» **Assigned task**
Reproduce the material below only from the line with "Women's Pastel Rainbow" to the line with "Lady Catherine Gordon", both included, keeping each line exact and dropping the pictures.

» **Data for processing**
==*==
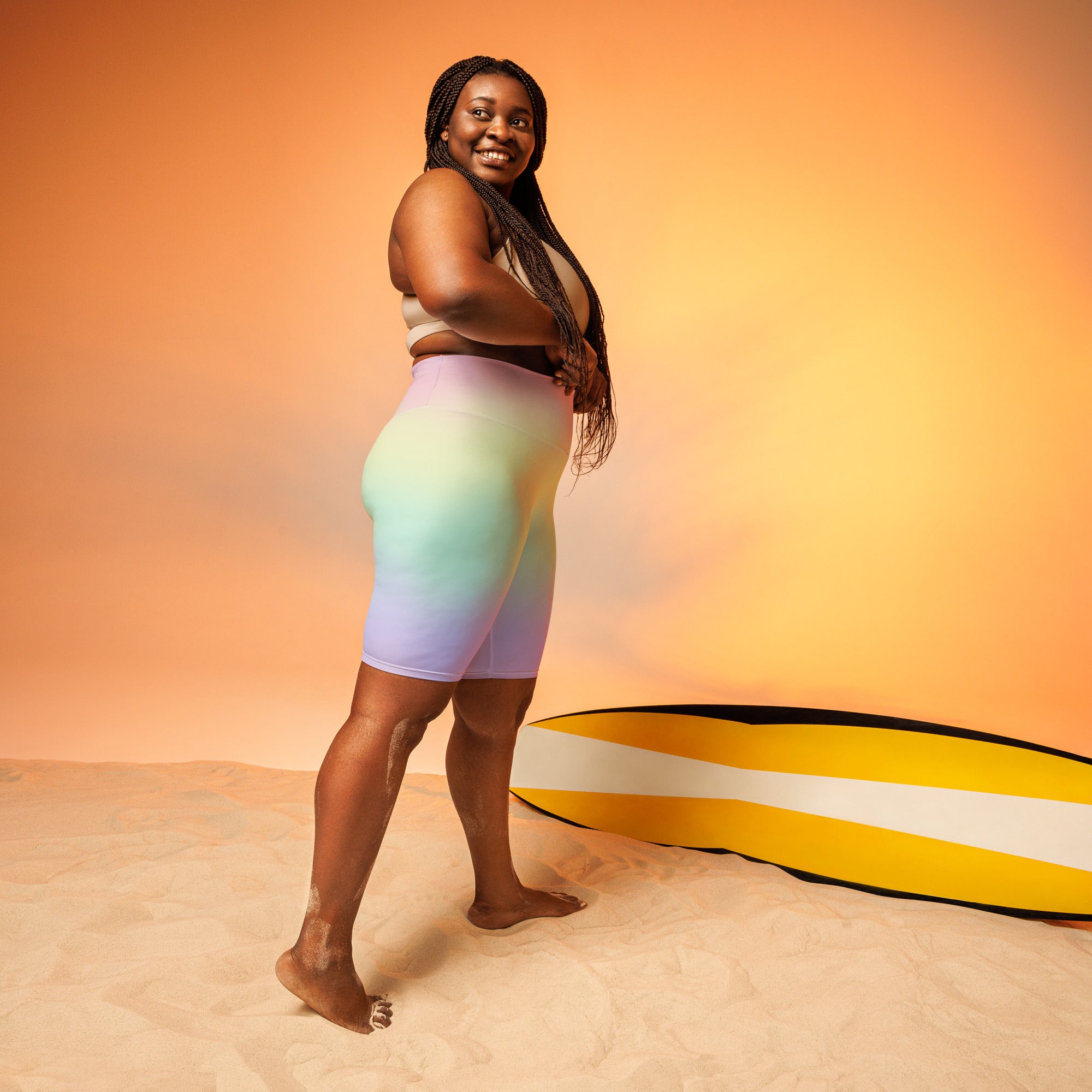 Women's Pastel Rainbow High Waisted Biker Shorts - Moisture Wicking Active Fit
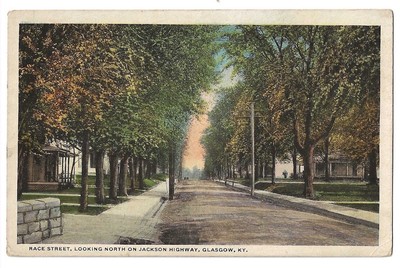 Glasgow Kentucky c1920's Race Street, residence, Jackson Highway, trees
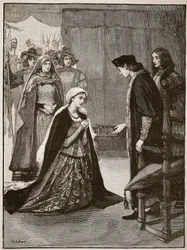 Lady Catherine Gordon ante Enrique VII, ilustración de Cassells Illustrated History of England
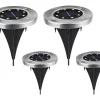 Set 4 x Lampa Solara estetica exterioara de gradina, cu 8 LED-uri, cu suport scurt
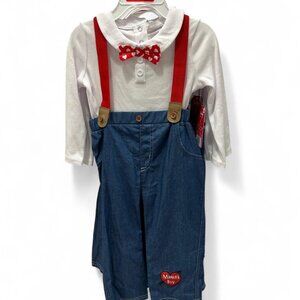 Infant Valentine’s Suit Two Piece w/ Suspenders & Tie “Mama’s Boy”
==*==
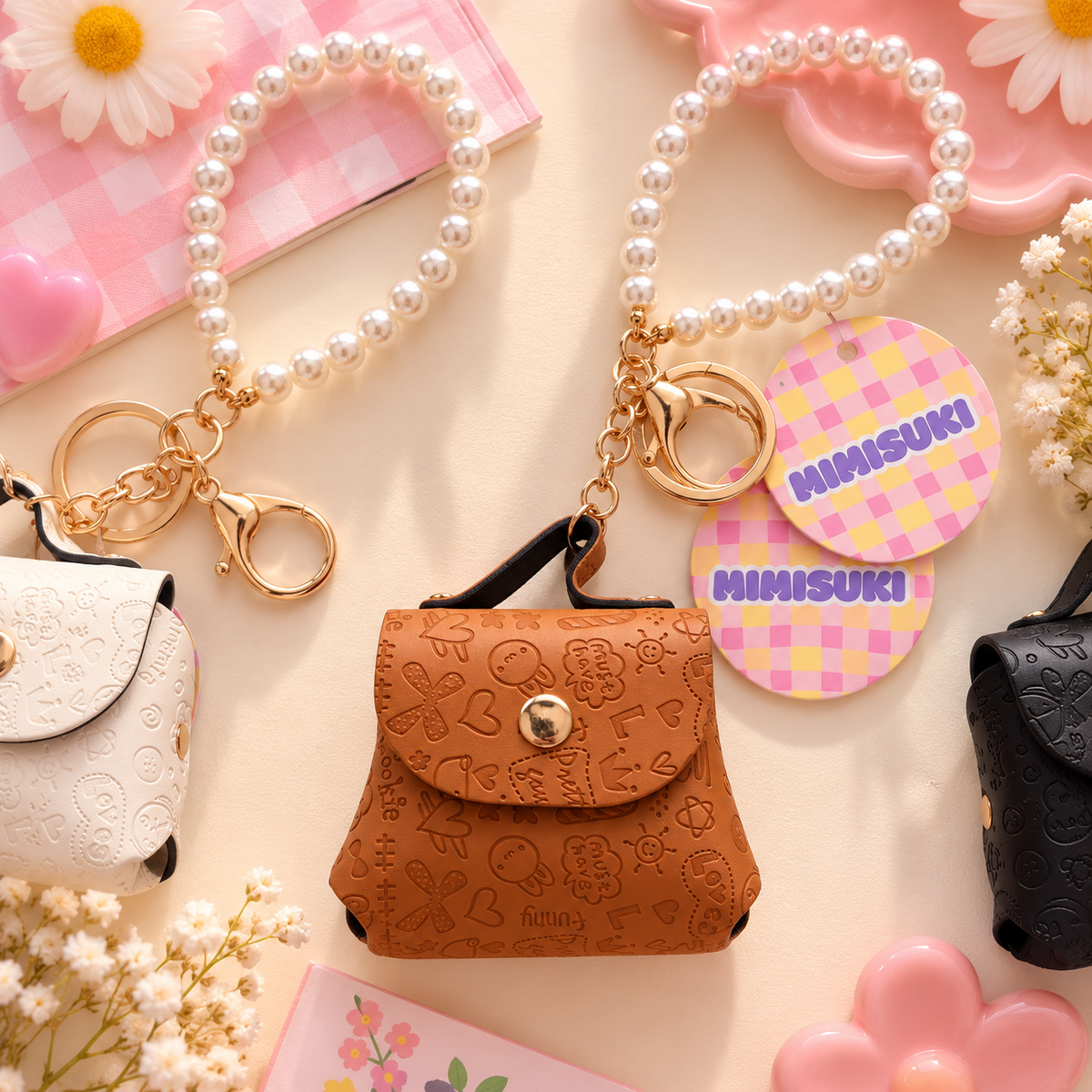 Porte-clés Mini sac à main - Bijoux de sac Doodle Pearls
==*==
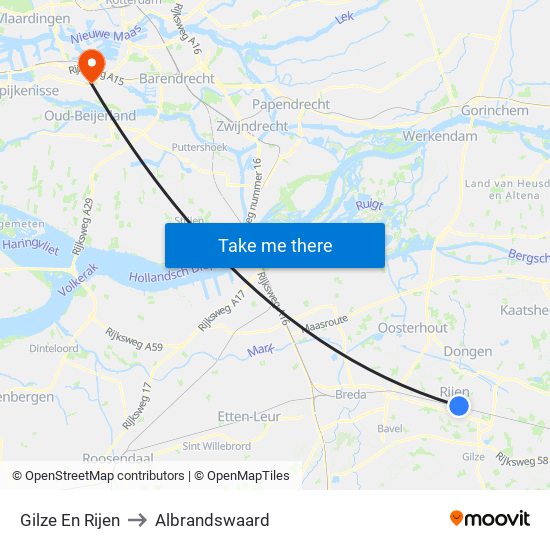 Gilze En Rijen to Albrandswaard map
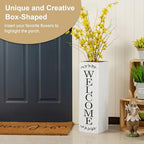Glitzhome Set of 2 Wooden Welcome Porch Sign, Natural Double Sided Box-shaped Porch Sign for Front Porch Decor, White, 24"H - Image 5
==*==
» **Solution to this problem**
 Women's Pastel Rainbow High Waisted Biker Shorts - Moisture Wicking Active Fit
 Glasgow Kentucky c1920's Race Street, residence, Jackson Highway, trees
 Lady Catherine Gordon ante Enrique VII, ilustración de Cassells Illustrated History of England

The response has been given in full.